La communauté francophone du Nunavut insiste auprès de Radio-Canada pour qu’on désigne les habitants du territoire comme on les appelle ici: des Nunavois, et non des Nunavutois, comme on s’est mis à l’écrire à la société d’État.

Le débat a été soulevé par le lancement de la page Facebook Ici Nunavut de Radio-Canada.

Plusieurs articles utilisant ce terme ont rapidement provoqué des réactions chez les Franco-Nunavois. De nombreux commentaires ont émergé pour reprendre Ici Nunavut sur ce gentilé peu utilisé par les francophones du territoire.

«On dit Nunavois», commente Maxime Joly, ancien directeur général de l’Association des francophones du Nunavut (AFN). «Ou Nunavummiut», ajoute pour sa part François Fortin, membre de l’AFN.

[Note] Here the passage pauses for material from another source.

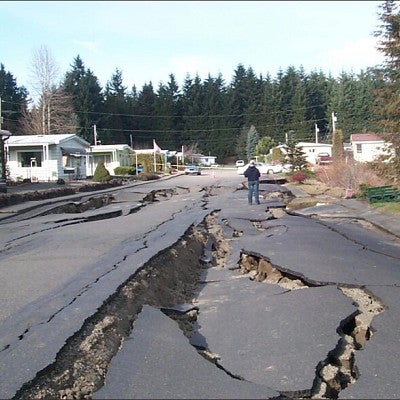 Damage in Portland following the Nisqually earthquake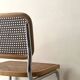 Cesca chair by Marcel Breuer in chrome and wood, 1970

D’autres vont à leur tour citer des ressources linguistiques nunavoises. Charles Lagacé, fier Franco-Nunavois, précise qu’«à Rome, on fait comme les Romains, et au Nunavut, on fait comme les Nunavummiut, ou Nunavois», en faisant allusion à l’importance de baser les décisions linguistiques sur ce qui est dit et fait localement.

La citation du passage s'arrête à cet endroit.